Here’s the timeline of what happened and the measures we’ve done to better handle these situations.
Table of contents
In the morning, we noticed that the second server mx2.simplelogin.co had a peak of emails. This server is the failover of the principal one (mx1.simplelogin.co) and usually only handles a fraction of emails. We also received emails from some SimpleLogin users asking about the email delay.
Checking the server mx1, the email handler container was down even if it’s set up to automatically restart. We noticed that SpamAssassin, a program used for detecting spams is taking 100% of the CPU.
We decided to scale up the main server. After redirecting most of the traffic to the second server, we increased the first server capacity 4x. Everything seemed to be back to normal and pending emails were quickly sent.
In the afternoon, we again noticed that the email queue was abnormally high. Turns out that all requests to SpamAssassin timed out which delayed Postfix email delivery. We had to proceed to the emergency solution of disabling the spam checking. Email delivery was back to the normal but we know that this is just a temporary solution.
We made the following actions to avoid similar issues from happening in the future:
Rewrite the email spam detection to be more fault-tolerant. The spam detection is now handled in our email container instead of in Postfix. That leaves more room for customization so we can easily implement the timeout mechanism along with some monitoring. We spent several days writing this part - that’s worth the effort as this allows better control over the SpamAssassin engine.
Add new monitoring that constantly watches the email delivery heath, especially the number of pending emails. Whenever this number reaches a threshold for consecutive periods, an alert is sent so we can act accordingly. We are building an automatic failover system that launches an urgent approach if necessary.
We are studying an alternative to SpamAssassin that can be used as a failover. The current best candidate is Rspamd.
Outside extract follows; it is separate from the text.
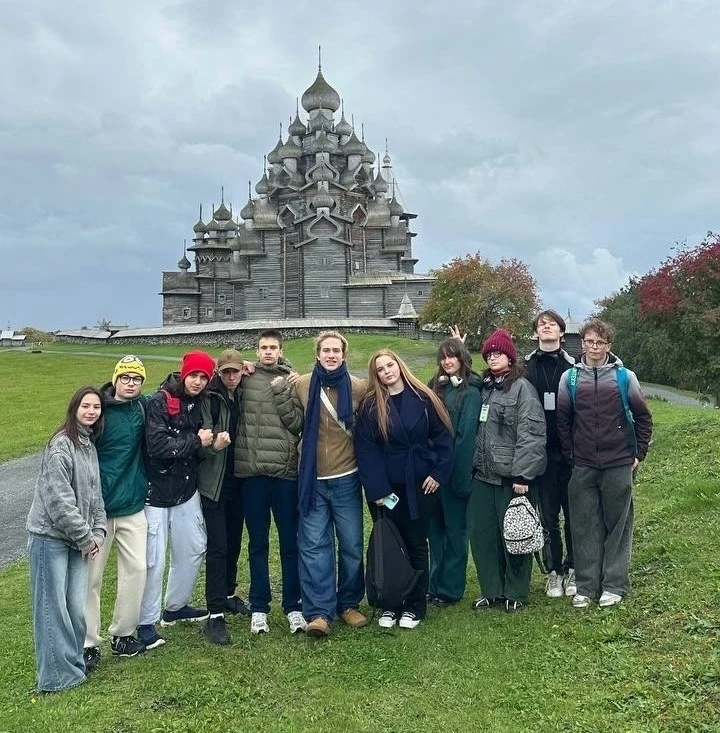 🏛️ ПЕТРИНЕРЫ ПУТЕШЕСТВУЮТ!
In this incident, we have learned to be extra careful when working with software that we don’t have much control over. SpamAssassin seems to be the root cause of this incident but this can happen to any other software in the stack.
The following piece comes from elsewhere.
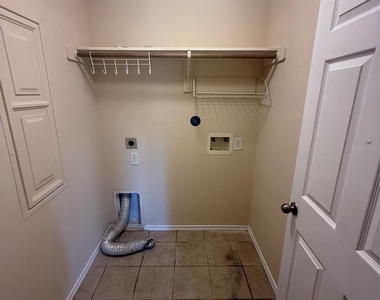 22607 Banter Point Lane - Photo Thumbnail 7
Things we learned when investigating the issue:
SpamAssassin suddenly starts timing out requests. Nothing really stands out in the log.
SpamAssassin times out if the email doesn’t end with a linebreak “\n”. Some email clients don’t automatically add this character.
Messages in Postfix queue “remember” its destination so flushing Postfix queue doesn’t help with this issue. The only solution we found is to re-queue all the messages.
The ecosystem around emails is scarce. We end up writing a lot of ad-hoc scripts to get the stats and monitor them.
Python support for asyncio is growing but not fast enough. A lot of our code uses SQLAlchemy which is one of the best ways to work with SQL databases in Python but its support for asyncio is limited. Its upcoming 2.0 version should have better support. We ended up using a lock that defeats the purpose of the async model.